If OpenSCAD always creates triangle based meshes, then creating a mesh
without zero area triangles is a minor problem: calculate the area of the
triangle to be written, after its vertex vectors have been truncated to
final precision, and if the area is zero, do not write the triangle into the
.stl file.
The second test requires some background: polyhedron() can be used to create
individual faces, which in turn has been assembled (with nophead's help)
into a 3-dimensional primitive, as long as a function can be obtained that
describes the primitive in terms of polar coordinates. surface() does
currently the same for cartesian coordinates, but the list of vertices needs
to be calculated outside OpenSCAD. Once code has been put together to allow
creating the cartesian coordinates of each vertex inside OpenSCAD, creating
3D-offset functionality should be trivial, since all that is required is to
erect the normal onto each face, move the face by the required amount along
the normal, and reconnect each face to its neighbours.
The observations and code referred to above make it clear that any solid
created by OpenSCAD may be regarded as a collection of (connected) faces.
Thus, by choosing the right projection, any face in 3 dimensions can be
represented by a line in 2D space.
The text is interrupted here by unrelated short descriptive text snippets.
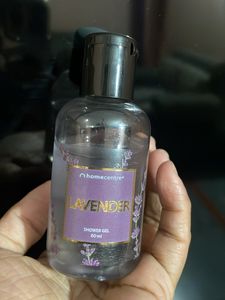 lavender shower gel / body wash / home centre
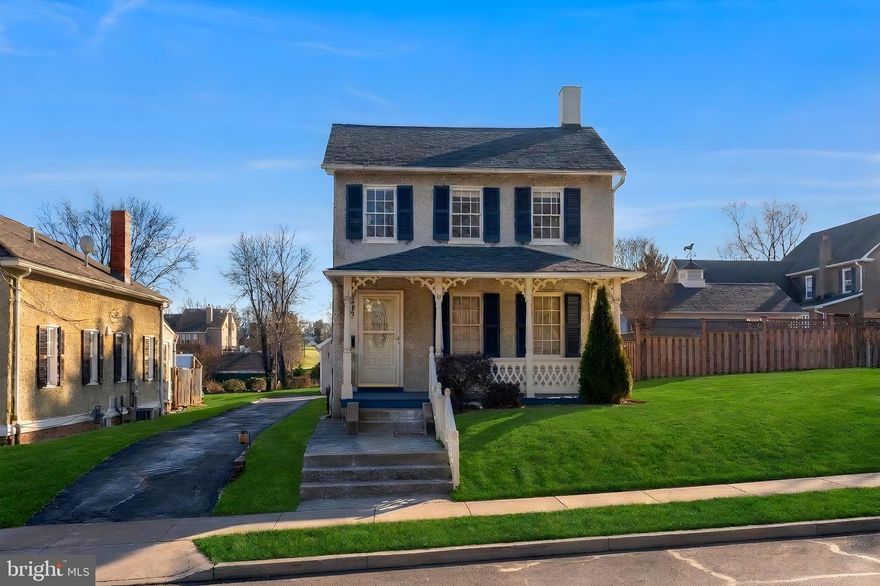A Century of Character in Downtown Leesburg
Leesburg Historic District, Leesburg, VA
3 BD | 1 BA | 1/3 Acre Lot | Built 1910 | Detached 2-Car Garage | Sold As-Is
Steeped in history and full of original charm, this 1910 craftsman-era home sits proudly in the heart of Leesburg's beloved Historic District — lovingly cared for by the same family for over 50 years. Offered for sale as-is, this is a rare chance to own a piece of Leesburg history and make it your own.
Step up onto the welcoming covered front porch — the perfect spot for a morning coffee — and into a home that has been cherished across generations. Inside, warm and cozy bedrooms invite rest, while the bathroom retains its original claw-foot tub, a true hallmark of the era. Original hardwood floors are believed to lie beneath the current flooring, waiting to be uncovered and restored to their former glory.
The property sits on an exceptional 1/3-acre lot — a genuinely rare find in downtown Leesburg — offering space, privacy, and possibilities that simply don't come along often in this location. A detached two-car garage adds even more practical value.
Whether you're a preservation enthusiast, an investor, or a buyer dreaming of restoring a classic home to its original splendor, this property delivers unmatched potential in one of Northern Virginia's most sought-after historic neighborhoods. Properties like this — with this much soul — rarely come to market.

HISTORIC DISTRICT NOTICE: This property lies within the Town of Leesburg Historic District. Future exterior renovations and alterations are subject to review and approval by the Leesburg Board of Architectural Review (BAR). Prospective buyers are encouraged to familiarize themselves with applicable guidelines prior to making an offer.
ADDITIONAL NOTICE: The home is currently occupied and furnished. AI-assisted editing was used to remove furnishings from interior listing photos. Property is being sold strictly as-is.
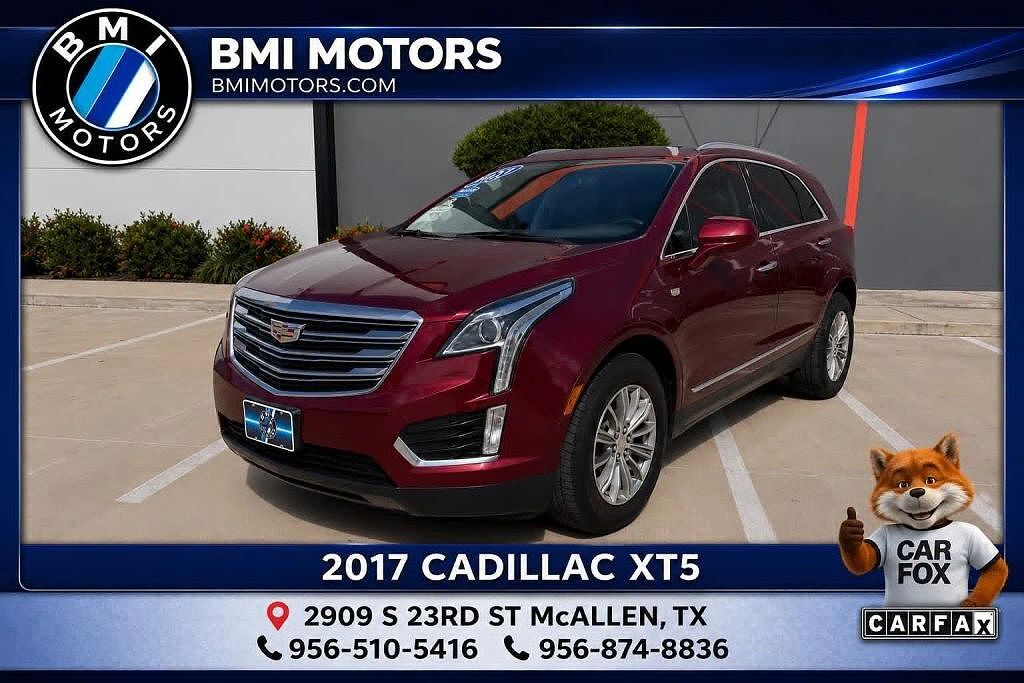 2017 CADILLAC XT5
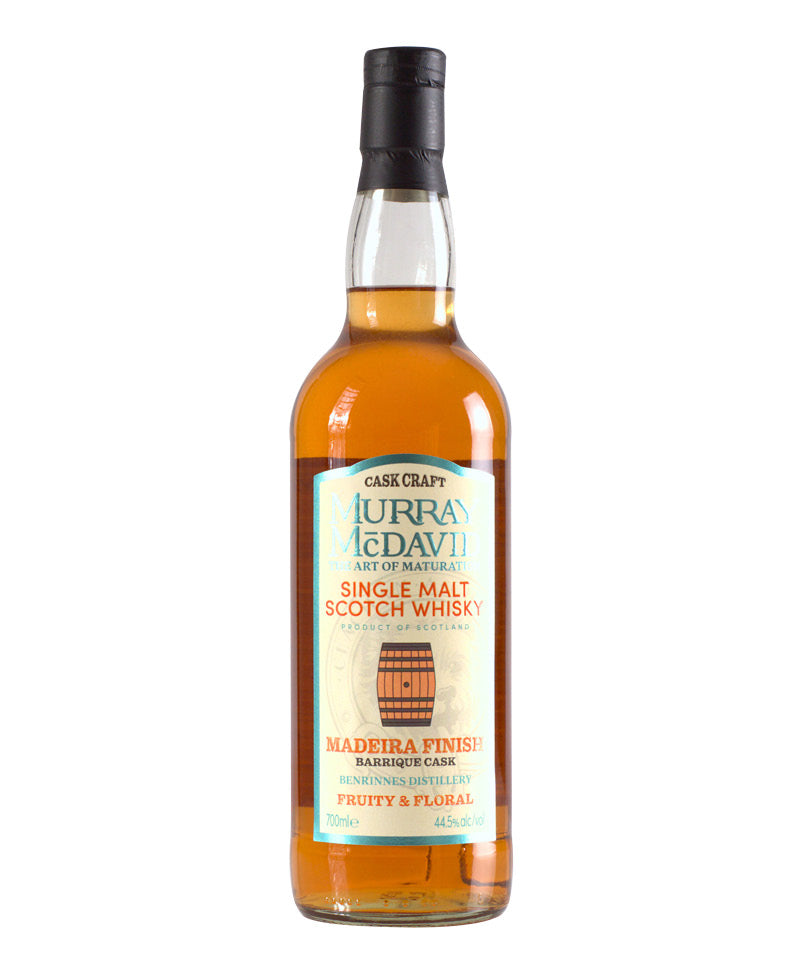 (0,700) Benrinnes Madeira Finish - Murray Mcdavid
When I choose here a (pentagonal) prism
and view it along the z-axis, that is just for ease of argument. The
conclusions arrived at will be applicable to any 3D geometry.
First, let's demolish the argument that, for constructing a polyhedron
(without the brackets, this is a geometrical object, not an OpenSCAD
module), faces must be specified. This is not true, as we may see from
figure 1:
http://forum.openscad.org/file/n14500/Prism_1.prism_1
Figure 1
Lines in figure 1 represent faces, as discussed above, and points represent
vertices. In that sense, ABCD represents any four-sided prism, such as
generated by cube(). ABECD, on the other hand, represents a 5-sided
(pentagonal) prism, for which OpenSCAD has no primitive. The simplest way to
specify ABECD is to make the shortest point-to-point connection, i.e. via
point E, into faces and disregard face B-C (the red line). This is not a
general rule, of course, if point E moves too close to line A-D, point E
would be disregarded, as B-C becomes shorter than B-E or E-C. For many cases
this rule suffices, and where not, why not add more vertices?
Let us now look at what happens when vertex vectors are truncated. What has
been said about the representation of points and faces for figure 1 is also
applicable to figure 2 and, later, figure 3. The yellow dots in figure 2
http://forum.openscad.org/file/n14500/Prism_2.prism_2
Figure 2
represent the values that a point vector can have, after truncation. Any
other points in the figure are represented by floats before truncation.
Those of you who are familiar with the cardinality of infinite sets will
recognise that by fixating floating point numbers to fixed positions in a
cartesian coordinate system, these floats have been translated into
integers, and I presume, it is also equivalent to Alan Cox' point
dictionary
http://forum.openscad.org/Inconsistent-conversion-of-floating-number-to-string-at-7th-significant-digit-td14350.html#a14412
.
All points of the square will be moved by truncating their vectors, to the
nearest yellow dot. The result of this "wiggling" is shown in Figure 3.
http://forum.openscad.org/file/n14500/Prism_3.prism_3
Figure 3
The square is no longer a square. If the original cube(), represented as a
square in Figure 2, had been rotated around an axis other than [0,0,1], none
of the original sides could be quadrangles any more, as truncation has moved
the vertices off the plane they originally shared.